Auto-pilot includes benchmarking scripts to run Postmark and compile benchmarks on several file systems. We also include hooks that add functionality to the basic scripts, including measuring network utilization, I/O operations, benchmarking JFS and XFS, benchmarking stackable file systems and more. The scripts run as the same user as Auto-pilot, so many benchmarks can be executed without root privileges. However, our file system scripts often need to format, mount, and unmount partitions: which requires root access on most Unix systems.

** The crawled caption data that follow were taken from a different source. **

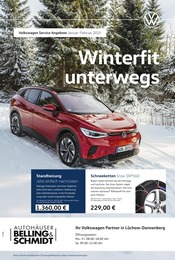 Volkswagen Prospekt für Dannenberg mit 1 Seite Volkswagen Prospekt "Auf ins Wintervergnügen" für Dannenberg, 1 Seite, 01.01.2025 - 28.02.2025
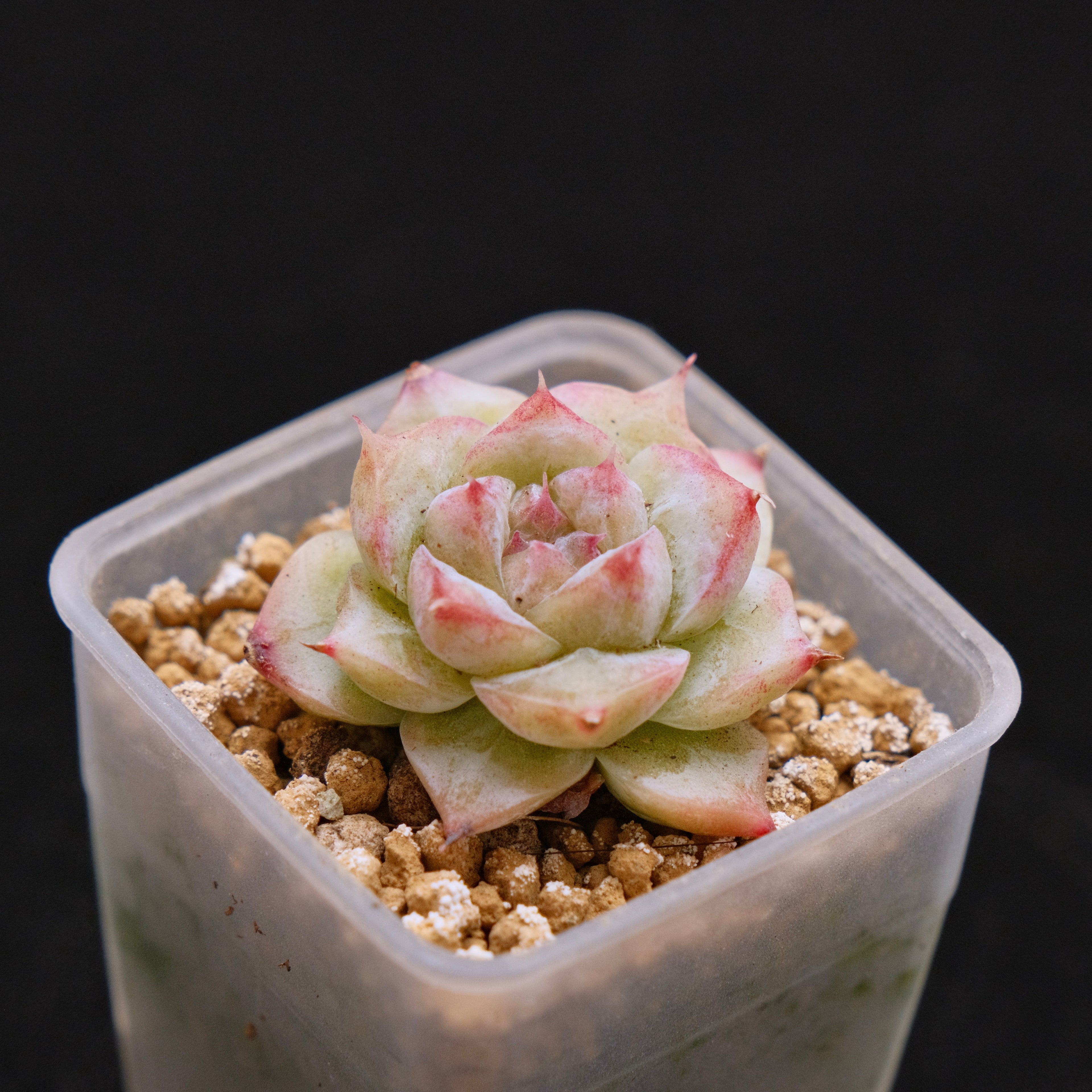 Echeveria hybrid baby Korean Succulent Plant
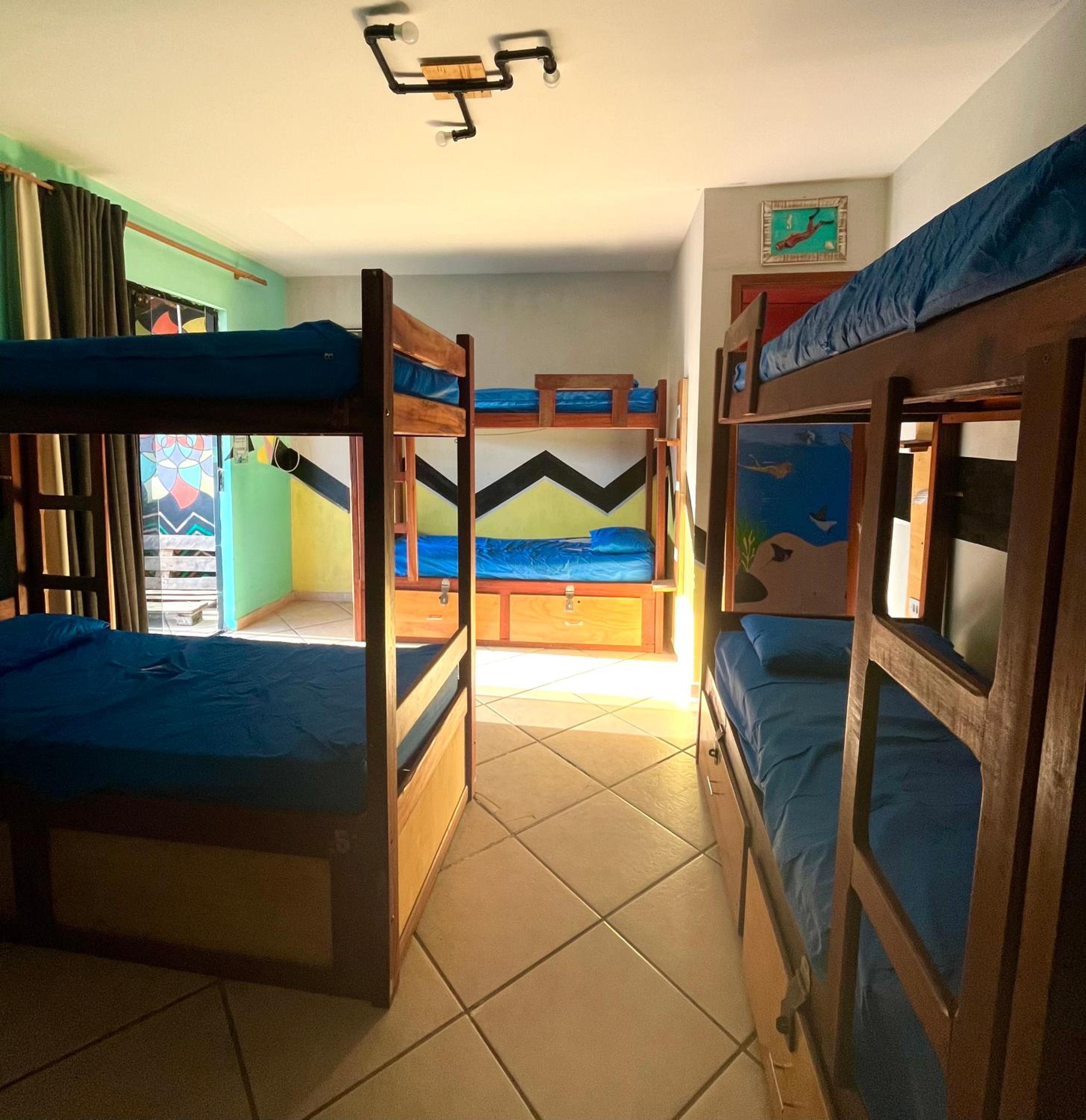 Bed in 8-Bed Mixed Dormitory Room photo 1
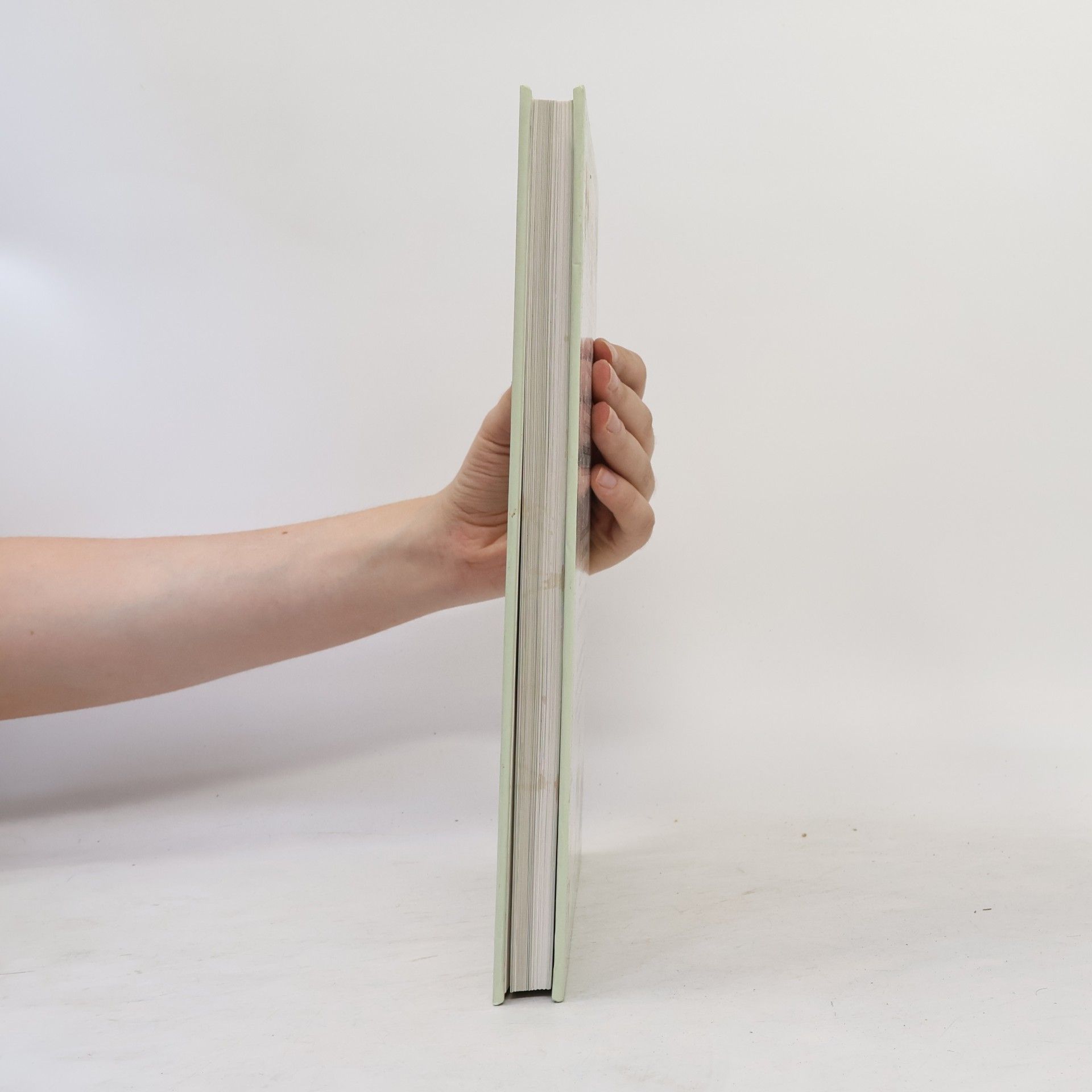 Penelope Ody Velký atlas léčivých rostlin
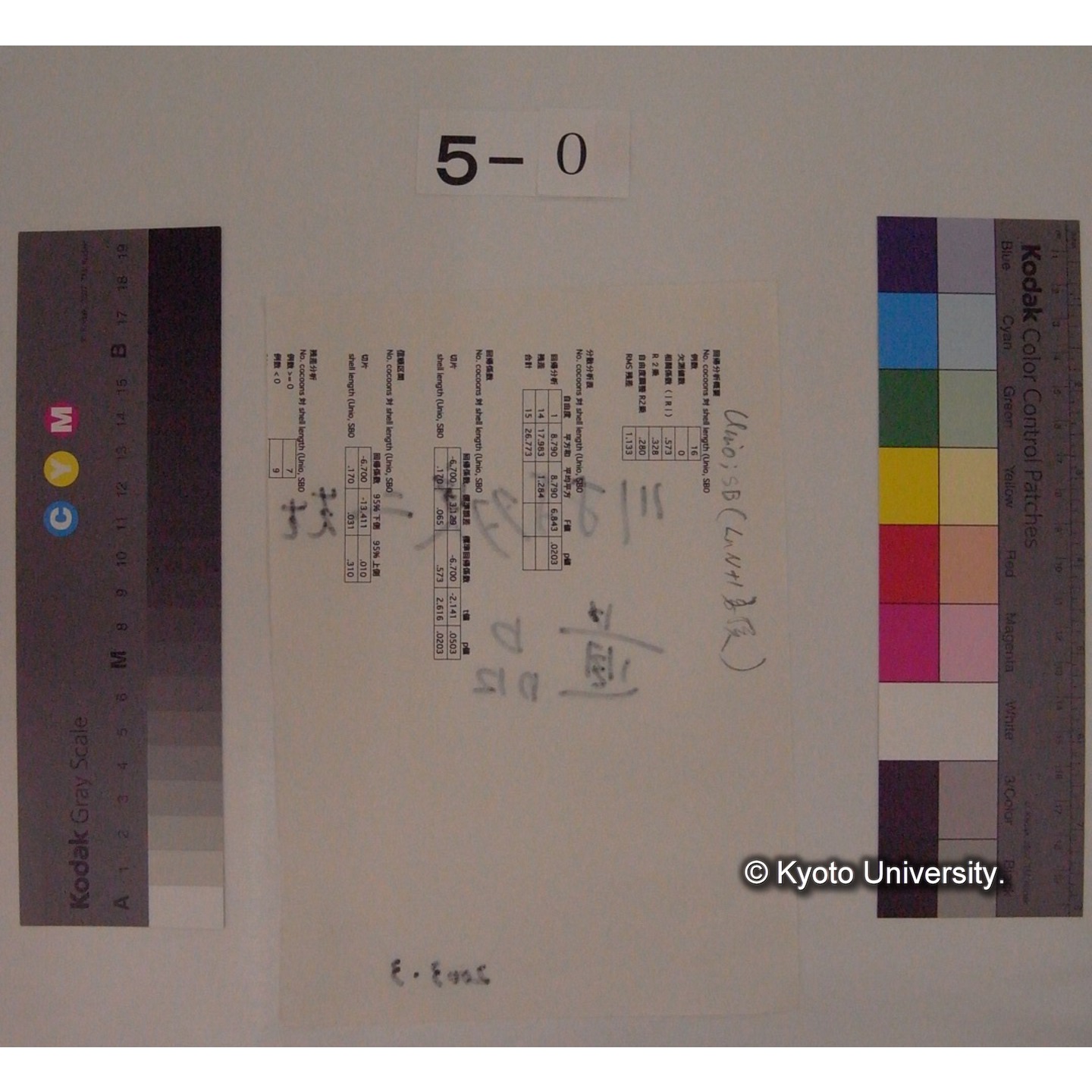 受入時メモ(「川村多実(ママ)二先生」/遺品) (2)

All of the included scripts first require commonsettings, which is located in /usr/local/share/auto-pilot by default. commonsettings first verifies that various Auto-pilot variables are set. Auto-pilot automatically sets the following variables:

APEPOCH
An integer value with the iteration of the benchmark
APTHREAD
An integer value that indicates our thread number (each thread in a multi-threaded benchmark gets a unique number from 1 to THREADS).
APMODE
A string containing the mode that Auto-pilot is executing in. This matches the directive used to execute the script. Possible values are SETUP, EXEC, CLEANUP, PRESETUP, and POSTCLEANUP.
APLOG
The log file this thread should write results to. Each thread's log is concatenated into the final results file.
THREADS
An integer value that indicates how many total threads there are.

You must set the following variable manually:

TESTROOT
What directory the test file system should be mounted on. There are also other variables that commonsettings sets to reasonable default values:

commonsettings automatically assigns sensible defaults to these variables:

TESTDIR
What directory the test should be executed in, by default TESTROOT.
BLOCKSIZE
The block size of the file system.
APTIMER
The program that is executed to time your workload. By default it is aptime $APLOG.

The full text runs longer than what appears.